First, of course, the Tour Aotearoa. After that I will be crossing the Himalayas on my way back to Europe. Once my year of bicycling is done, I will be using it for mountain trekkings.
Have you made some concessions?
Actually only the placement of the rear brake calliper on the seat stays. But this seems to pose no problems with this rack. Apart from that, all specifications are just as I imagined them. I was taken aback a bit when I saw the bike at first, though. Al my other bikes are relatively small with narrow handlebars…. this one is rather big!
How did you chose all the components ?
The components were always chosen in consultation with Bart. For most components I had in mind what I wanted. E.g. mechanical TRP disk brakes, Shimano XT and lots of Ritchey WCS parts in honor of the old master: my Rocky Mountain was made with Ritchey tubing.
About components: reliable, strong and proven. Let's start with the wheels, a set-up made with 32-spokes Shimano XT hubs and DT SWISS E512 rims initially intended for an enduro use. Those are strong wheels for this bike design to achieve long expeditions. Tires: Continental X-King en 29x 2.2.

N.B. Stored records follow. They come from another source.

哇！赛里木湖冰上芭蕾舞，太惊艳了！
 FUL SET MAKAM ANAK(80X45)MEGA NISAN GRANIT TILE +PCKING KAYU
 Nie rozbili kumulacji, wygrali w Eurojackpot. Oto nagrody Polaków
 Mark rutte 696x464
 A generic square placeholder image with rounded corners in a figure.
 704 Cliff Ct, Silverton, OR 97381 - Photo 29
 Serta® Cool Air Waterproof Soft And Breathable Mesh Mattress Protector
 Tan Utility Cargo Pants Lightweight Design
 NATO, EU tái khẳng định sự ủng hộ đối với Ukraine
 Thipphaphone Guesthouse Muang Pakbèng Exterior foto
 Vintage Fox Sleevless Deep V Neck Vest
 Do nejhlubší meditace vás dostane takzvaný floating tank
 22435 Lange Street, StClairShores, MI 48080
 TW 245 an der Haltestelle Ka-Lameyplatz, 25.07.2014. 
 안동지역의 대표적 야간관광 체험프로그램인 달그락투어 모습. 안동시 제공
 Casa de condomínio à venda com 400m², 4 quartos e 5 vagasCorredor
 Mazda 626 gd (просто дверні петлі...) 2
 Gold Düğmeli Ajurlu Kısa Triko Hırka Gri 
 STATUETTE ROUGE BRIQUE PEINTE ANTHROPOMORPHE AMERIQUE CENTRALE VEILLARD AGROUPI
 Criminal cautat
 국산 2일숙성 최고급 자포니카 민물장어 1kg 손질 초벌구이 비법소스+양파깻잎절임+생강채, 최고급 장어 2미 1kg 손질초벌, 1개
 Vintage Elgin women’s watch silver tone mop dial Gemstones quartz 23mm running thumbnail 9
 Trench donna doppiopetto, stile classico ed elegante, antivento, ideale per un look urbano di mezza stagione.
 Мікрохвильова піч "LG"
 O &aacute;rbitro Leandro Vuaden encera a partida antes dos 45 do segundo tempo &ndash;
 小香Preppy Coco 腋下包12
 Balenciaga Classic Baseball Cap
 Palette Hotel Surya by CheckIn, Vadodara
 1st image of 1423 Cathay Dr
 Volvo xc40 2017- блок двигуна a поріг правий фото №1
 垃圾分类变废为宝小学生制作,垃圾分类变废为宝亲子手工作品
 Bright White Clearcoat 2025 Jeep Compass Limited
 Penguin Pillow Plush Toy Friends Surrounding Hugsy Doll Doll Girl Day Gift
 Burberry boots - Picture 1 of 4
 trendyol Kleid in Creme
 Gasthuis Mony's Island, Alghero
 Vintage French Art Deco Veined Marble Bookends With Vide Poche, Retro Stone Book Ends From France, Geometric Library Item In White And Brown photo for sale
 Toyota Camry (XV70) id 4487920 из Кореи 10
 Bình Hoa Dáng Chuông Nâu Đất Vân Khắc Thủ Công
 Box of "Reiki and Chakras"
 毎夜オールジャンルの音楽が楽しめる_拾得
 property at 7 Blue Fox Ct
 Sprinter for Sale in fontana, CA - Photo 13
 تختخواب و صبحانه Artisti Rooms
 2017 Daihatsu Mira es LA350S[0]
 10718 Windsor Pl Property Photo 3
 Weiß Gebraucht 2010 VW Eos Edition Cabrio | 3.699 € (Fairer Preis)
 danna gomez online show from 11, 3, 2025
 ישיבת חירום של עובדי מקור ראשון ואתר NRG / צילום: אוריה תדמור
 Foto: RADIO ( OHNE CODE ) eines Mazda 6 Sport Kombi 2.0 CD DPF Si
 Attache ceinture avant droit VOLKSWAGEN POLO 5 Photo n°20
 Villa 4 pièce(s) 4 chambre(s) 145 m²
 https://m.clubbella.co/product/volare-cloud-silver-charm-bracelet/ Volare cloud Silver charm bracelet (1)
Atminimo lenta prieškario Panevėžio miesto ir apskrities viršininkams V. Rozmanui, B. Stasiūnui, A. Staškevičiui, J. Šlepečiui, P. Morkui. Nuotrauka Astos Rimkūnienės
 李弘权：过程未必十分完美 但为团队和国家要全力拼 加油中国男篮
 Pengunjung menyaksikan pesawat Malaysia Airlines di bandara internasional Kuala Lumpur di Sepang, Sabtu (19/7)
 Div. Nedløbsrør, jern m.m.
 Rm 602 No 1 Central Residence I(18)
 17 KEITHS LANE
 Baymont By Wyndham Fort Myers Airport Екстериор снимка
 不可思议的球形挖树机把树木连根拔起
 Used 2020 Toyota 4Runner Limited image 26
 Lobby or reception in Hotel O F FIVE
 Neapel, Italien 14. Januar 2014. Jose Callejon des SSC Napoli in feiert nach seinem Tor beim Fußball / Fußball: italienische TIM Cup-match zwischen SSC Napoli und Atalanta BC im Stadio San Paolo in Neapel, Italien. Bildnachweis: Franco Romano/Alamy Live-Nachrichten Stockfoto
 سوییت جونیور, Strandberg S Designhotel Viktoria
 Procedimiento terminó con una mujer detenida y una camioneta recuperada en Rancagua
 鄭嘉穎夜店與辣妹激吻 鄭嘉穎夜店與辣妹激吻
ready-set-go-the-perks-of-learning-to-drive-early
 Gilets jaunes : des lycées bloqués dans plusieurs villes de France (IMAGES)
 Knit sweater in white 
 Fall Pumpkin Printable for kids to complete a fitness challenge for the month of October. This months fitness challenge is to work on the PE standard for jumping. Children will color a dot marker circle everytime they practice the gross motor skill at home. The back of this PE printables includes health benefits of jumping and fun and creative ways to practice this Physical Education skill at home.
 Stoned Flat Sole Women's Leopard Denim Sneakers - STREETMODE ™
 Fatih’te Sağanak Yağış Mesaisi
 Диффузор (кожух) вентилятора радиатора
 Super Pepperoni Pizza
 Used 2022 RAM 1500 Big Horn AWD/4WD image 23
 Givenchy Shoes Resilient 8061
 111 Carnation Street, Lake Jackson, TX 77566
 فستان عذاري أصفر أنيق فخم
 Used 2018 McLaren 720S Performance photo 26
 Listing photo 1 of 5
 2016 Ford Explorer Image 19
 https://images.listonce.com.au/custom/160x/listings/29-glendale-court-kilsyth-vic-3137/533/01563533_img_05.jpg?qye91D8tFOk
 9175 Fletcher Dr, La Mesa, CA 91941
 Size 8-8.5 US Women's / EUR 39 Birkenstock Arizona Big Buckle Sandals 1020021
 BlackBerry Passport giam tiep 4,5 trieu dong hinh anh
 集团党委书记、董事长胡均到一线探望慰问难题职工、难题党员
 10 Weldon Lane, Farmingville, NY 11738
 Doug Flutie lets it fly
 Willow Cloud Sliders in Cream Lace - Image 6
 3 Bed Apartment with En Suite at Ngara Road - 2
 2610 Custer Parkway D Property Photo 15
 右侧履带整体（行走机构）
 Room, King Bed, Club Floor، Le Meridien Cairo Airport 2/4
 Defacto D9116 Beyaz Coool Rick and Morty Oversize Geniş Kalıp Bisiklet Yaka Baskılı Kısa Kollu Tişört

The groupset is a SHIMANO XT 2x10, functional and strong. The brakes are the TRP Spype Mechanical to avoid any oil leak or air bubble problem and ensure an easy repair with a simple change of the cable if necessary. At the front the rotor is with a diameter of 180mm against 160mm at the rear. Finally, to carry luggages, Bert uses the TUBUS VEGA 29 rack.
The paint is a combination of a red oxidized rust RAL3009 and a green-brown RAL8000. A set of colours not too flashy intended to not let think that the bike is expensive. It is is order to limit the risk of robbery. A serial number has been applyed to the WIND logo placed on the headtube.